In the world of cryptocurrency, UTXOs are an important part of how transactions work. Here’s a look at what UTXOs are, how they work, and why they’re important.
What are UTXOs?
UTXO stands for Unspent Transaction (TX) Output. It’s the amount of leftover cryptocurrency change that you receive from each transaction.
How do UTXOs work?
When you look at your Cardano wallet, you see a balance. For this example, let’s set that at 100 ADA. Although you only see one balance, your funds are actually comprised of several UTXOs. You may have four UTXOs worth 25 ADA each, two UTXOs worth 50, or a set of UTXOs valuing 27, 28, 30, and 15 ADA. The specific amounts don’t matter, but they must add up to your total balance, in this case, 100.
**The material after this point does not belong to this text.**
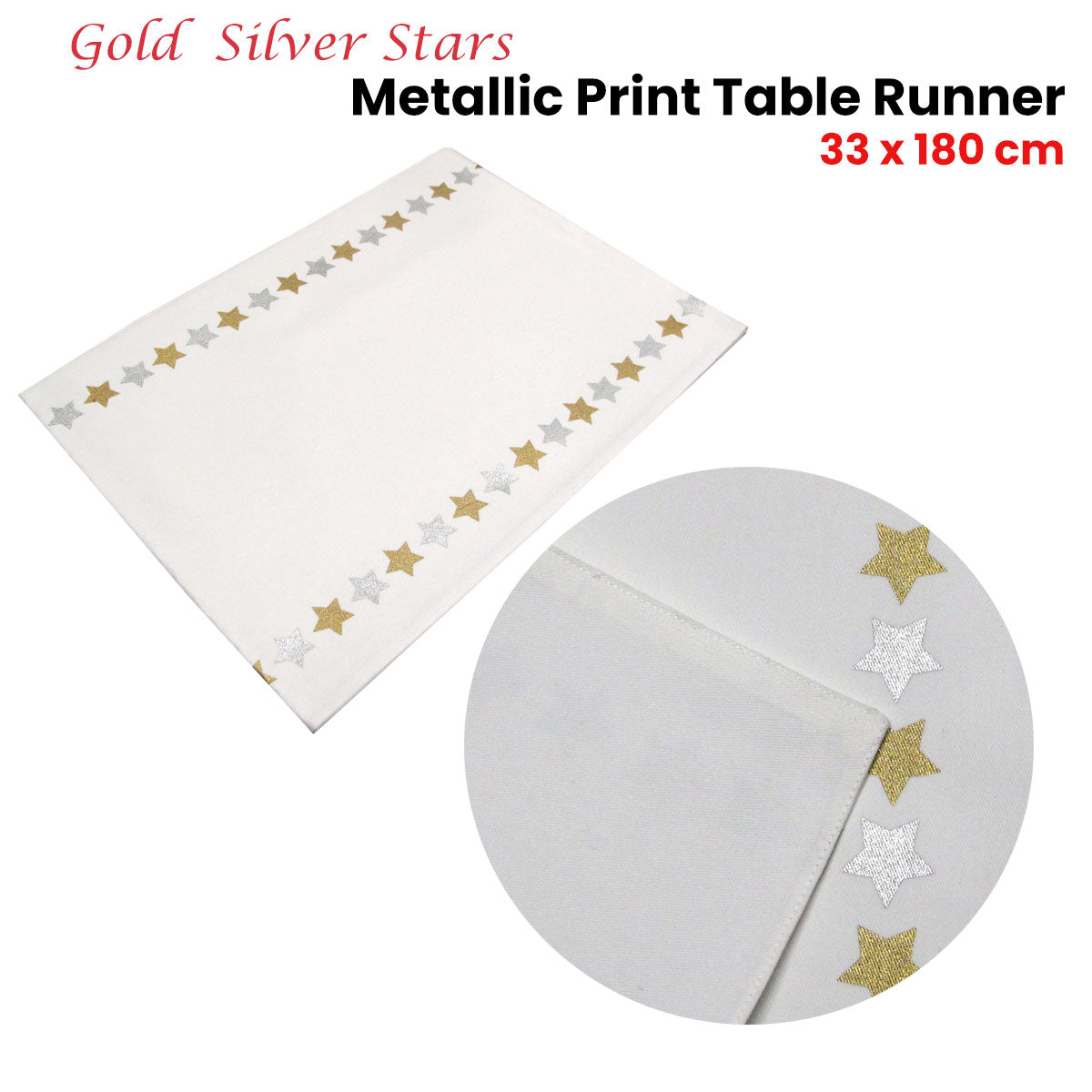 silver-gold-stars-cotton-metallic-print-table-runner-33-x-180-cm www.mallsonline.com.au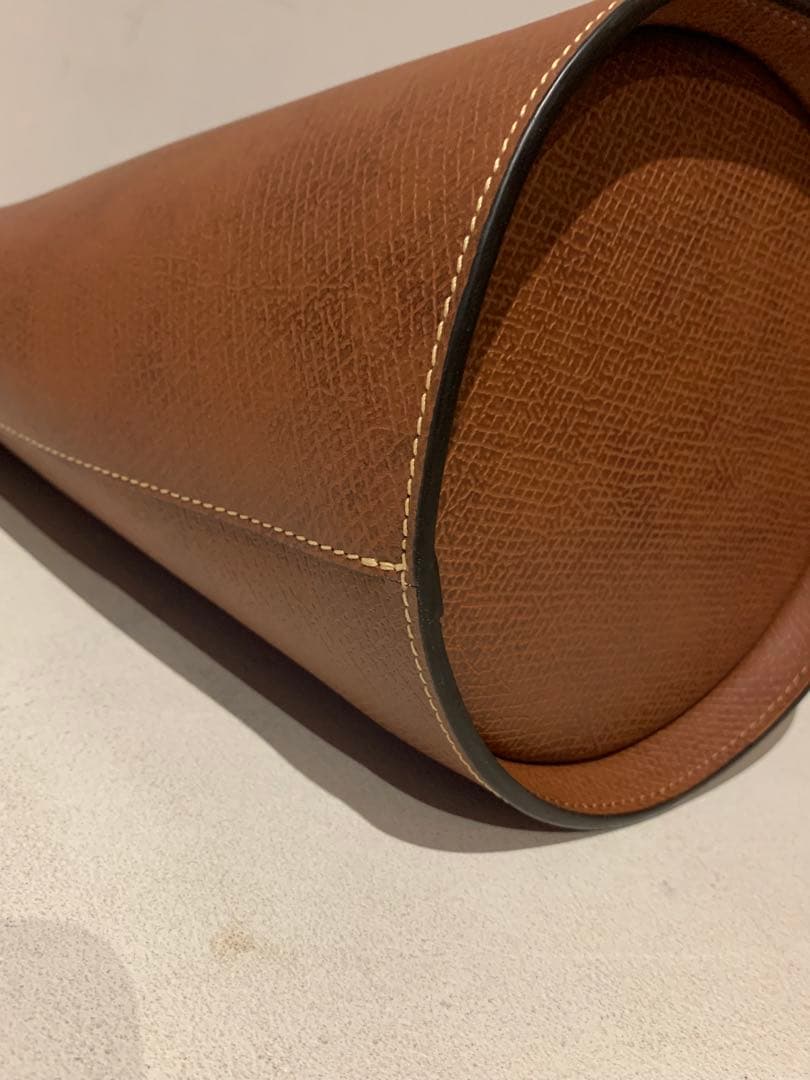 【極美品】LONGCHAMP CuirdeRussieブラウンレザーハンドバッグ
For example, let’s say you want to send 25 ADA to your friend. For the sake of simplicity, we will use whole numbers and forget about network fees normally incurred by transactions. Now let’s assume that your underlying total amount of ADA in your wallet is actually composed of four separate UTxOs that add up to 100 ADA.
The transaction will need to send 27 ADA to your spouse from one of the UTXOs containing 27 ADA and it will also need to send 2 ADA back to your wallet as a “change address.” The process of figuring out which UTxOs to use in a transaction is called the Coin Selection Algorithm.